January 15, 2025
4 mins read

Landlords in England face ban on ‘outrageous’ upfront charges

Housing minister Matthew Pennycook confirmed the addition of a clause to stop landlords making upfront charges in the Commons on Tuesday.

MPs have voted for a new, one-month cap on advance rent payments in England as the Renters’ Rights Bill edges closer to becoming law.

Housing minister Matthew Pennycook confirmed the addition of a clause to stop landlords making upfront charges in the Commons on Tuesday.

Landlord groups have warned the move could leave property owners open to risk if tenants have no other way of proving their ability to pay rent on an ongoing basis.

And Independent MP Jeremy Corbyn warned some tenants were being evicted before the package of protections in the Bill, which includes a ban on “no-fault” evictions, can come into effect as expected this summer.

Setting out the details of the cap in the Commons, Pennycook said the government wanted to stop demands for “large rent-in-advance payments”, which he said could sometimes amount to 12 months of rent.

Tenants who were “perfectly able to afford the monthly rent” were being asked to give landlords “ever larger sums” in advance, he said, or “risk being locked out of renting altogether”.

The latest move comes on top of existing measures intended to stop bidding wars for homes where “often desperate tenants are pitted against each other so that landlords are able to extract the highest possible payment they can”..

Shadow housing minister David Simmonds said the bill had “many shortcomings” and would create “concerns around the availability, and the affordability of accommodation in the private rented sector”.

A coalition of groups representing landlords and letting agents claimed the cap on upfront payments could leave tenants unable to prove their ability to cover their rent.
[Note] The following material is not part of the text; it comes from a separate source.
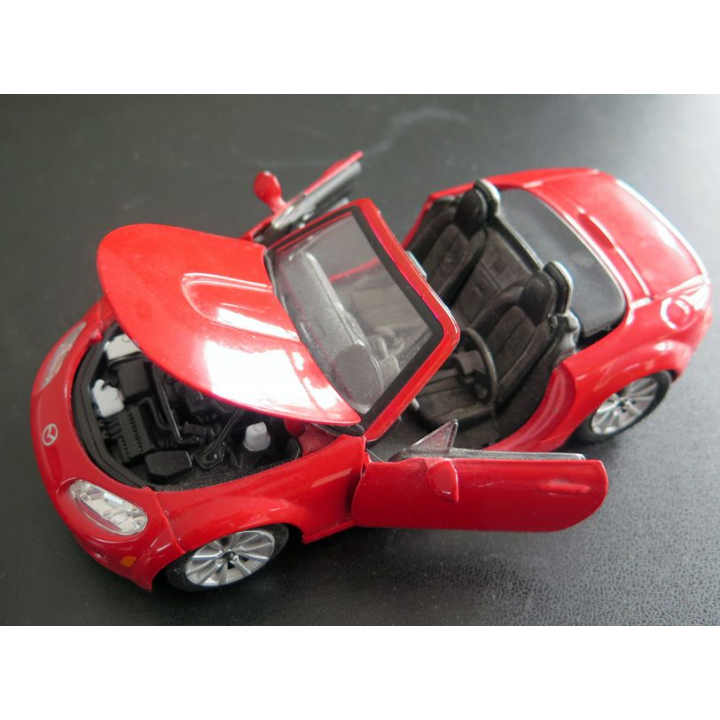 Voiture de collection Mazda MX-5 Burago 1/24°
The groups, including the National Residential Landlords Association (NRLA), said: “Cutting off any assurance landlords might seek when renting to those who cannot easily prove their ability to afford a tenancy is neither practical nor responsible.”

But some MPs, including Green Party co-leader Carla Denyer, called for the government to go further and introduce rent controls.

The Bristol West MP said the high cost of renting was leaving people “on the streets” so “rent controls are still needed – because having the right to something you cannot afford and cannot access is no help to anyone”.

Labour’s Bell Ribeiro-Addy, who is a renter and the MP for Clapham and Brixton Hill, said rent rises should be capped because “I’m yet to hear a compelling reason why landlords should see their incomes grow faster than people who actually work for a living”.

And former Labour leader Corbyn suggested evictions were happening before protections could be introduced, saying “there seems to be quite a lot of landlords at the present time who are using unreasonable arguments in order to terminate tenancies or raise rents ahead of this legislation coming in”.

Pennycook acknowledged there was “a lot of bad practice in the sector” that the government was keen to clamp down on, and acknowledged the potential for “retaliatory economic no-fault evictions” in the interim period.

However, he drew the line at rent controls, saying there was evidence the measure could harm tenants. “Once Section 21 [“no-fault”] evictions are done away with, unscrupulous landlords will no doubt attempt to evict tenants who assert their rights by means of extortionate rent rises,” he said.

However, he added, “the government sincerely believe that the introduction of rent controls in the private rented sector could harm tenants as well as landlords as a result of reduced supply, and discourage investment”.

Polly Neate, the chief executive of housing charity Shelter, welcomed the new cap on advance payments – but urged the government to go further on controlling rent rises.

She said: “For years, renters have been forced to magic up eye-watering sums up-front or see their hopes for a home vanish.

“With benefit recipients nearly twice as likely to be blocked from renting by demands for rent up-front, the government is absolutely right to use the Renters’ Rights Bill to rein this discriminatory practice in.

“To truly make renting more secure and affordable, the Bill must limit in-tenancy rent increases in line with either inflation or wage growth.”

The bill was supported by a majority of MPs at third reading and will now pass to the Lords.